Join our friends from the Boston-based Horizons for Homeless Children as they share their Playspace Program. You’ll gain ideas for simple interactions that you can use in any space to help children and their families heal from traumatic experiences. The model can be replicated on any scale and in any setting serving young children and families.

Before you begin, watch this training video  featuring staff and volunteers from Horizons for Homeless Children.

Now explore the resources in this workshop and consider ways you can use the ideas and strategies in your own work.

  1. 1

    Ideas for Setting Up Your Space


    Children experiencing homelessness often lack clean, safe play spaces—preventing them from growing and thriving. Depending on where they are staying, children may be shushed for normal child-like behavior that others consider disruptive.

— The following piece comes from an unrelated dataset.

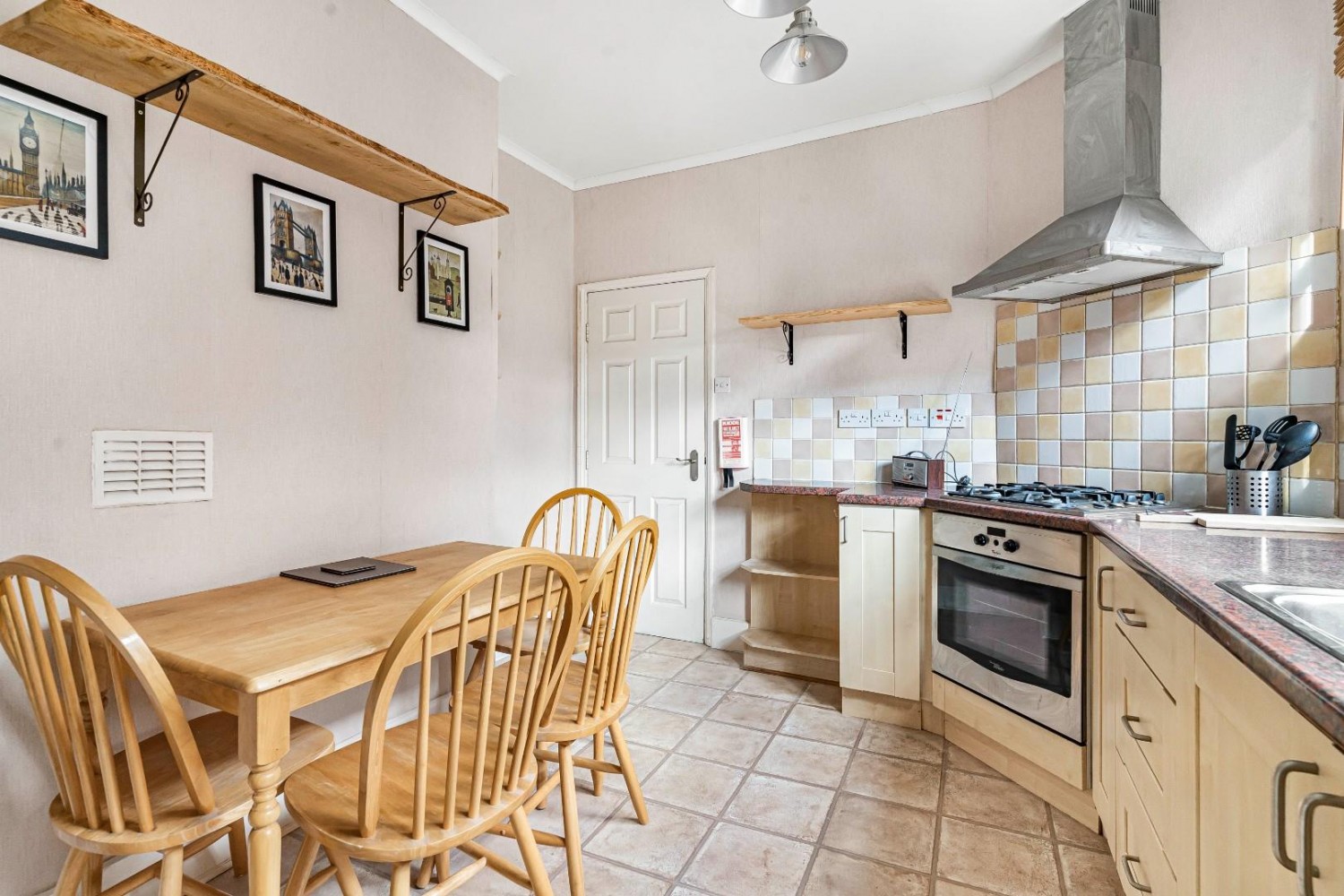 Lomond Grove, London, SE5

So the more you can enrich your site to encourage play, the better.

    Watch this video one time through as providers from Horizons for Homeless Children explain the strategies used in each play space. Notice:

    • ways in which each of the spaces helps kids develop and heal
    • what approaches providers take within that space
    • how each space builds children’s social-emotional skills
    • ways in which each space addresses children’s learning needs

    On a second viewing, write down or tell a colleague one observation, idea, or question sparked by each area presented:

    • Infant Spaces
    • Arts and Crafts
    • Manipulatives
    • Literacy Area
    • Dramatic Play

    Then consider your space and one small way you might enrich your site to invite children to engage in play—even a basket of children’s books, a beanbag, or a box of blocks or dolls go a long way.

  2. 2

    Adding Comfort to Your Space


    Now that you’ve looked at the different areas, further consider your own space and what you might add to offer comfort. Watch this video (meant to share with children) and reflect:

    • Where in your space could become a “cozy corner”?
    • What are some comfort items you might add to that area to soothe children? (pillows, stuffed animals, dolls, blankets, soft fabric, and so on)
    • Is there a way for you to distribute small comfort items to children?

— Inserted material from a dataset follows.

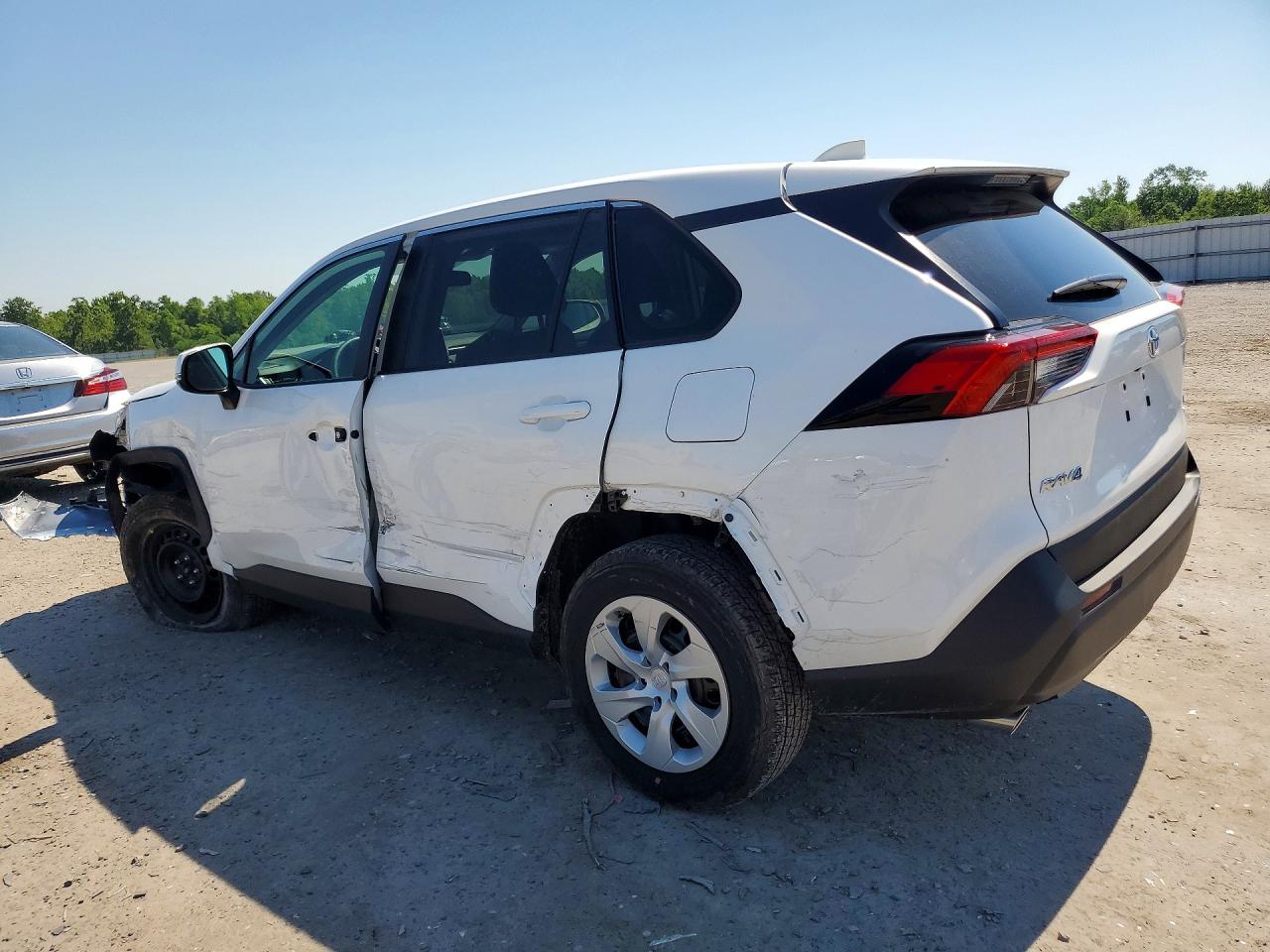 2025 TOYOTA RAV4 LE — снимка 2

    You might suggest to parents that they offer their children a piece of their clothing to hold when they are apart (even a small piece cut off from an item they no longer wear). If appropriate, they can show children the video and talk about their comfort items.

  3. 3

    Explore Strategies for Positive Adult-Child Interactions


    It’s not just the things you put into an environment that are important—a play space is made even more effective when adults interact with children in positive ways. You can build trust, give kids a sense of control, and use positive language to ensure that play time is a time of joy and healing.

    Watch this video of Horizons’ staff and volunteers talking about—and demonstrating—some strategies for fostering positive interactions at their site. As you watch, write down one question, observation, or idea sparked by the five points the staff is making:

    1. Following kids’ lead
    2. Giving kids choices
    3. Redirection
    4. Using positive language
    5. Supporting parents


  4. 4

    Ideas Into Action: Parent-Child Bonding Time

    Download printable

    Print and copy this page and leave in an area where children and parents spend time together. Through playfulness, rhyme, rhythm, and repetition, parents remind children of the most important strategies for coping with crisis.

    When adults display confidence and optimism for a better future, children naturally feel more secure. Parents and children can read this poem aloud together, using the icons to tell who reads what.

    Suggest that parents:

    • repeat some of the language and strategies throughout their day
    • think of other ideas they would add to the poem, and write them on the back (they don’t have to rhyme!)
    • read the poem together again and again
    • fold it to keep with their belongings (or to display it in their space)
  5. 5

    Ideas Into Action: Coloring Page

    Download printable

    During and after a traumatic experience, our brains may be “hijacked” by fear, anxiety, or anger. Doing a nonverbal activity, such as art, together can help us reconnect and get “unstuck.”

    Helping parents and children interact lovingly and creatively in your space can be as simple as setting out paper and crayons. Print and copy this page and invite parents and children to sit together and share a few moments of relaxation.

    This coloring page can help adults communicate important ideas to children without saying a word: We can relax together. We can have a good time together. We can concentrate. I am here with you. I am listening. I am interested in you. We can share feelings. We can make something beautiful, even when the world around us feels ugly.

    Children can use crayons or markers. Colored pencils or thin-tipped markers work well for the detailed “adult” areas, but crayons will work too! Here are some other tips:

    • If possible, parents and children should sit side by side in a quiet space with a surface.
    • Children color the large Muppet image, adults color the more detailed background.
    • There’s no right or wrong way to color; the goal is to sit and relax together. It’s okay to sit without talking, too!
    • Parents can use the tips and conversation starters at the bottom on the page and, if possible, display their work.
    • Children might also draw their own families on the back of the page. Creative self-expression can be a great way to show how you feel, using no words at all!